Base RL PG Model



polyaxon.models.rl.base.BasePGModel(mode, graph_fn, num_states, num_actions, loss_config=None, optimizer_config=None, eval_metrics_config=None, is_deterministic=False, is_continuous=False, summaries='all', clip_gradients=0.5, clip_embed_gradients=0.1, name='Model')

Base reinforcement learning policy gradient model class.

  • Args:

    • mode: str, Specifies if this training, evaluation or prediction. See Modes.
    • graph_fn: Graph function. Follows the signature:
      • Args:
      • mode: Specifies if this training, evaluation or prediction. See Modes.
      • inputs: the feature inputs.
    • loss_config: An instance of LossConfig.
    • num_states: int. The number of states.
    • num_actions: int. The number of actions.
    • optimizer_config: An instance of OptimizerConfig. Default value Adam.
    • eval_metrics_config: a list of MetricConfig instances.
    • is_continuous: bool. Is the model built for a continuous or discrete space.
    • summaries: str or list. The verbosity of the tensorboard visualization. Possible values: all, activations, loss, learning_rate, variables, gradients
    • clip_gradients: float. Gradients clipping by global norm.
    • clip_embed_gradients: float. Embedding gradients clipping to a specified value.
    • name: str, the name of this model, everything will be encapsulated inside this scope.
  • Returns: EstimatorSpec



Create the chosen action w/o sampling.

If inference mode is used the, actions are chosen directly without sampling.


_build_distribution(self, values)



Create the new graph_fn based on the one specified by the user. - Returns: function. The graph function. The graph function must return a PGModelSpec.


_call_graph_fn(self, inputs)

Calls graph function.

Creates first one or two graph, i.e. train and target graphs. Return the optimal action given an exploration policy.
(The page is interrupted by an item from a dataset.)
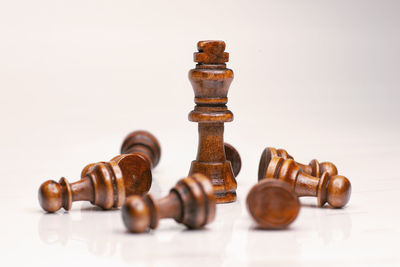 Close-up of chess pieces against white background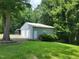 Two car garage with white doors and light gray siding surrounded by a green lawn and lush trees at 78 Phil Johnson Rd, Sanford, NC 27330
If is_dueling is set to True, then another layer is added that represents the state value.

  • Args:
    • inputs: Tensor or dict of tensors


_preprocess(self, features, labels)

Model specific preprocessing.

  • Args:
    • features: array, Tensor or dict. The environment states. if dict it must contain a state key.
    • labels: dict. A dictionary containing action, reward, advantage.